Abstract

The purpose of this study was to compare coronary collateral structure and function in pigs with those in dogs and to analyze the distribution of collateral blood flow across the lateral and transmural border zones in the pig. After acute occlusion of the left anterior descending coronary artery (LAD) in 26 anesthetized open-chest pigs, minimal collateral blood flow was indicated by retrograde flow (0.2 +/- 0.1 ml/min) and microsphere-myocardial blood flow (0.005 +/- 0.001 ml X min-1g-1).

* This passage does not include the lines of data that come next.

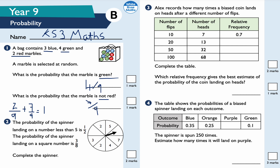Question two: the probability of a spinner landing on a number less than five is equal to a half. The probability of a spinner landing on a square number is three eighths. Complete the spinner. I want numbers less than five — I've got one, two, three, four. The probability of landing on a square number is three eighths, so I can add square numbers such as nine and sixteen.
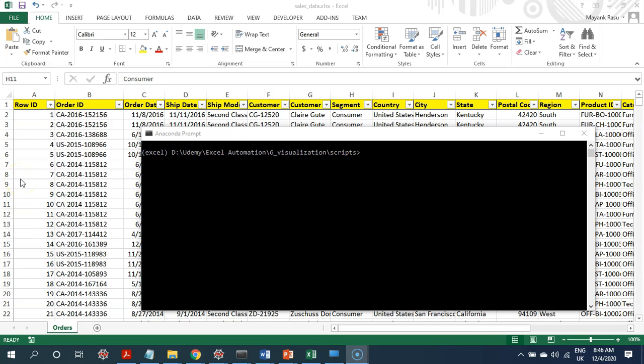Hello, friends. Excel is everywhere. No matter which industry you work in, chances are high that a good part of your day is spent working on Excel spreadsheets. I think Excel is great because it lets us perform basic data analysis in a very easy and convenient way.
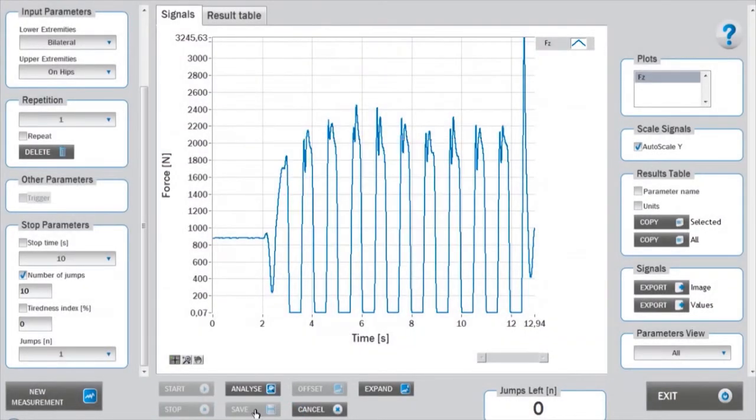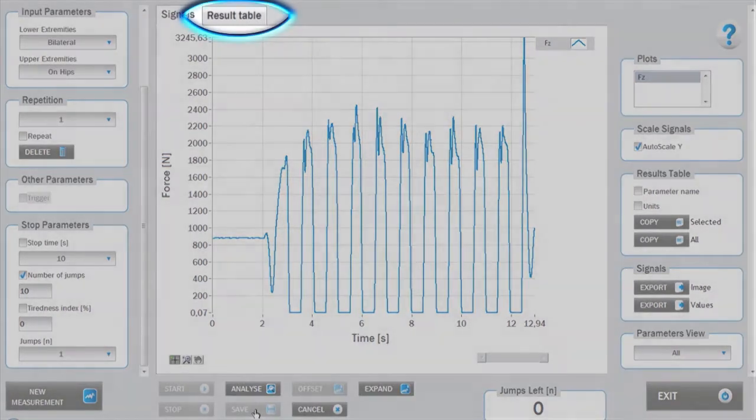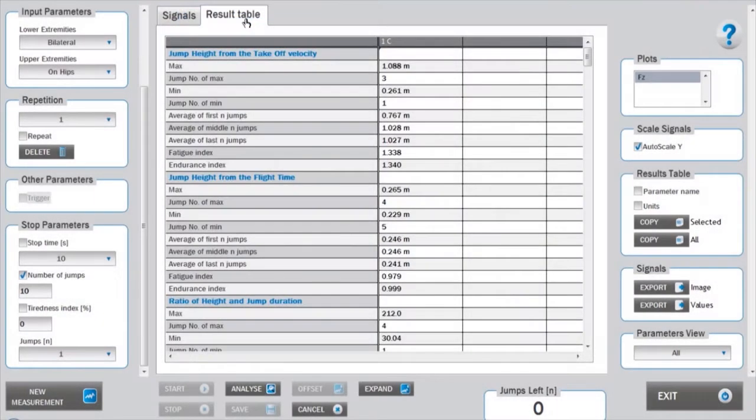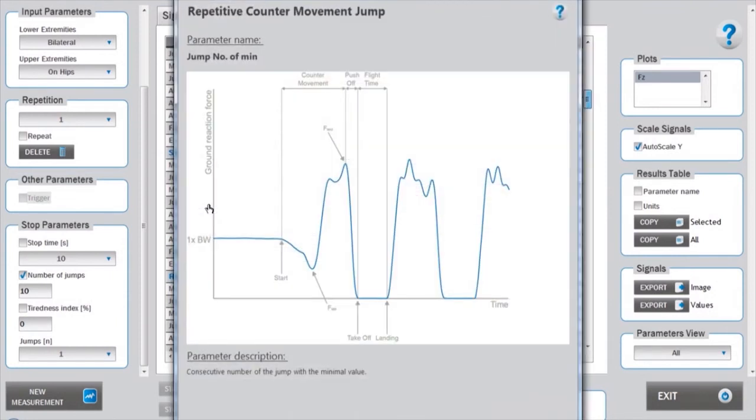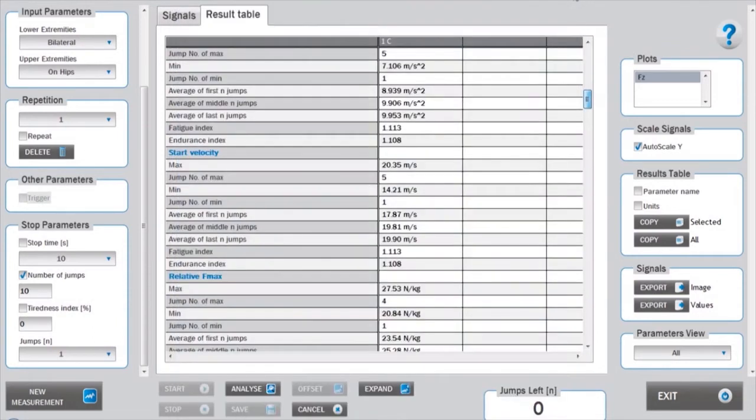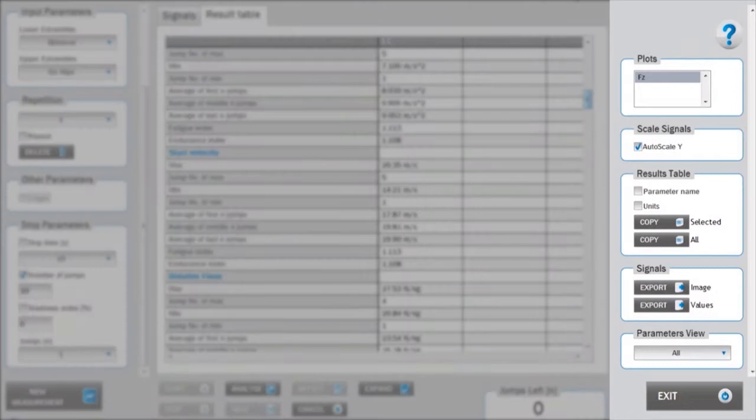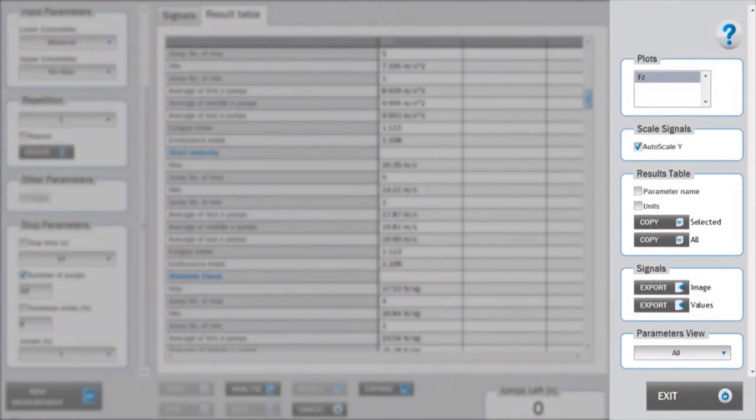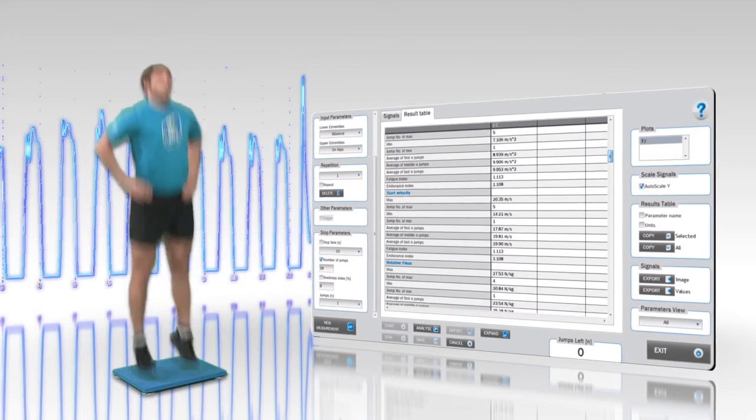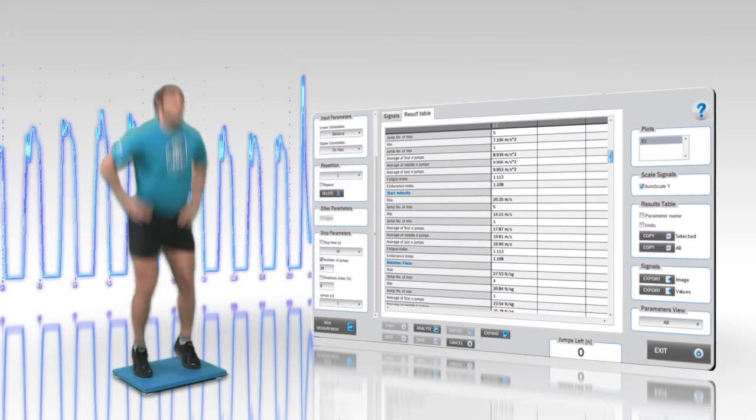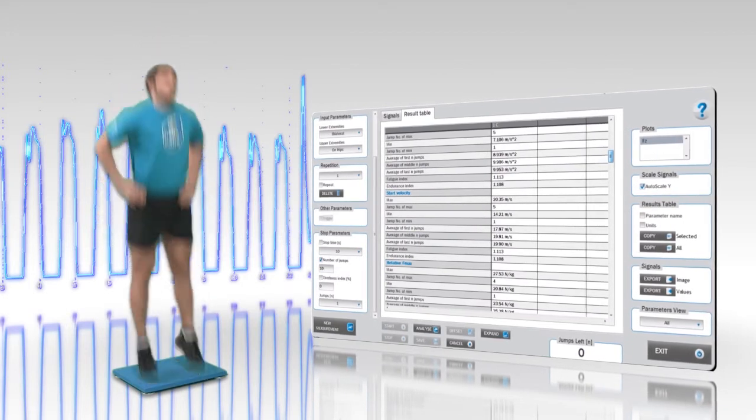The central window displays the ground reaction force measured by the force plate. Data from the analysis can be viewed under the results table tab. Each parameter calculated has nine values. A more thorough description of parameters can be accessed by right-clicking on the parameter's name. Options for displaying specific sets of parameters can be accessed in the parameters view menu in the right panel. For more information on that topic, please refer to tutorial number seven.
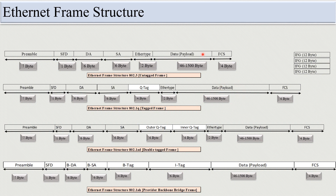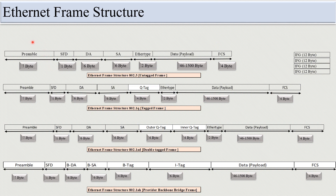The only variable part in all Ethernet frame structures is the data payload, which ranges from 46 bytes to 1500 bytes. The Ethernet frame size is measured from the destination address to FCS. It does not include the preamble, SFD, and IFG. The DA, SA, EtherType, and FCS are fixed in every frame size.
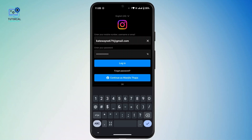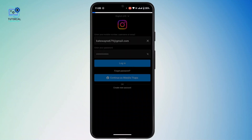In case you forgot your password, there is a link that says 'Forgot Password' — you can simply tap on it and recover your account. Or if you want to log in with Facebook, there is an option to continue with your Facebook account. Once you're done entering your credentials, simply tap the Login button.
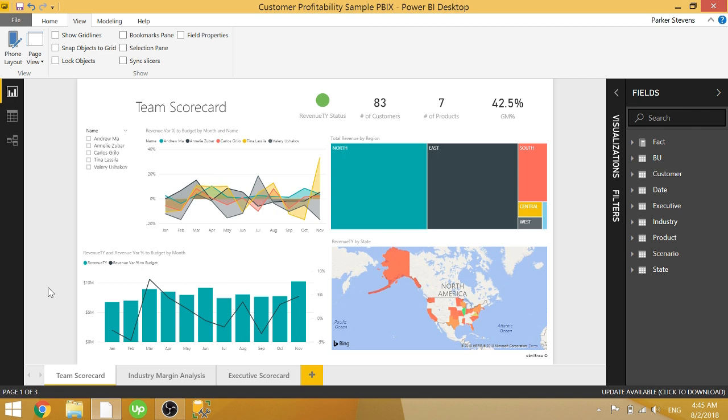But if you're working with a team, it might be important to document exactly why you're creating measures or what the table or column is useful for. So I'm going to walk you through how to do that.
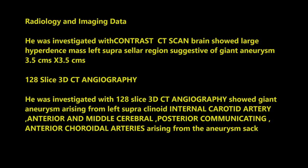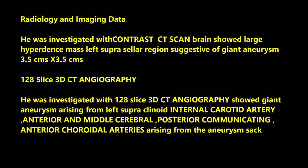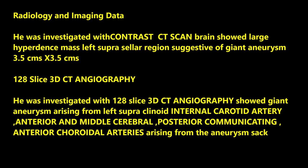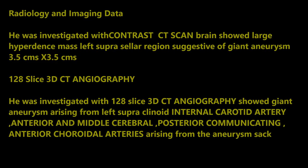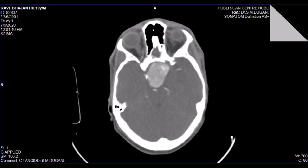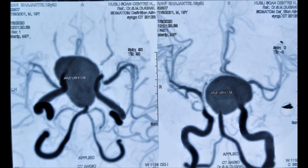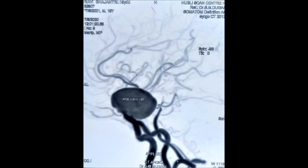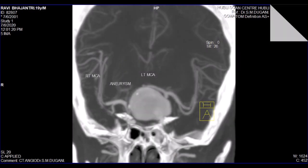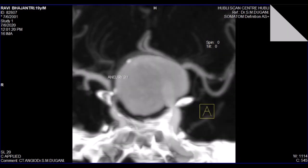He was investigated with a CT scan brain plain and contrast outside, which showed a large suprasellar mass enhancing with contrast, suggestive of a giant intracranial aneurysm with a size of 3.5 cm by 3.5 cm. Subsequently, he was investigated with 128-slice 3D CT angiography, which showed a giant aneurysm in the suprasellar region on the left side, originating from the left internal carotid artery, supra-clinoid part.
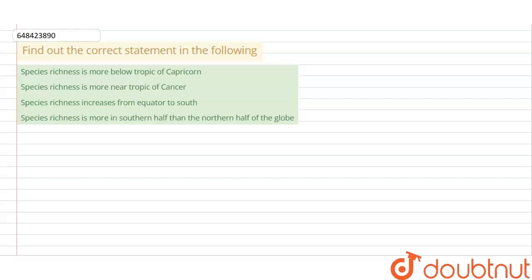The question asks us to find the correct statement from four given statements. Before that, we will understand the concept, because the question is about species richness.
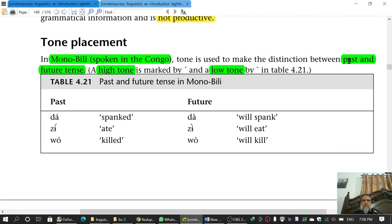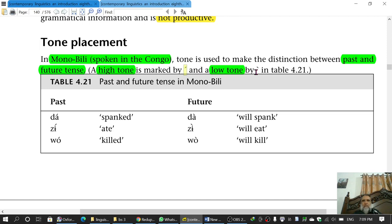Tone is used to make the distinction between past and future tense. A high tone is marked by one diacritic and a low tone by another diacritic.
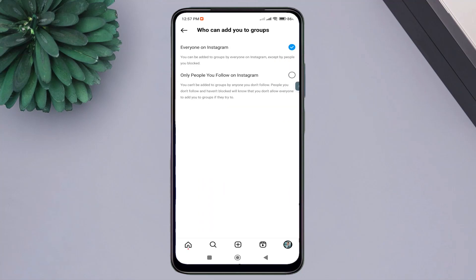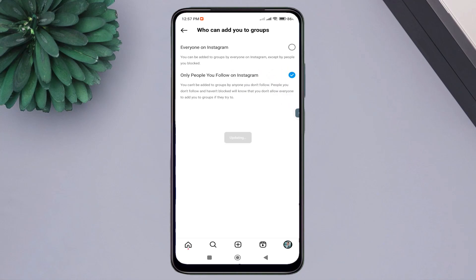As you can see, this option is responsible for who can add you to groups. Click on it, then select the option 'People You Follow on Instagram.' From now on, any unknown person will not be able to add you to any group — only those whom you follow on Instagram will be able to add you.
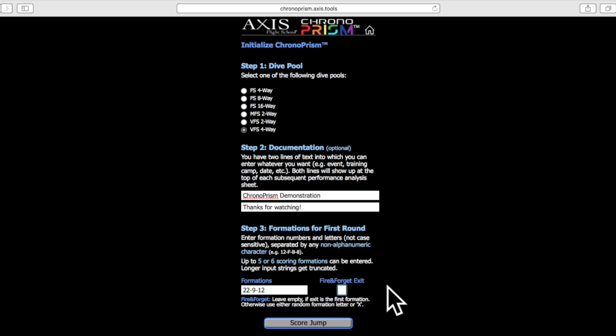However, the video I'm about to show you we used a fire and forget exit, so I'm just going to type in an X. Next we'll click score jump.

Postmortem injection of the distal LAD followed by clearance of the heart demonstrated few tiny collateral structures and negligible collateral filling of other arteries. In contrast to dogs, pigs showed no measurable gradient of collateral blood flow across the transmural border zone, and pigs showed no change in collateral blood flow or its transmural distribution during retrograde drainage of collateral blood flow or elevated left ventricular filling pressures. Pigs showed higher myocardial blood flow in the lateral border than in the center of the ischemic zone. As in the dog, however, this gradient of blood flow across the lateral border zone was accounted for by overlap between occluded LAD branches and unoccluded coronary arterial branches rather than by preferential collateral perfusion of the lateral border of the ischemic zone. We conclude that the pig has a homogeneous distribution of collateral blood flow across the transmural and lateral border zones after acute coronary occlusion but that the minimal collateral circulation limits the usefulness of the pig as a model of ischemic heart disease.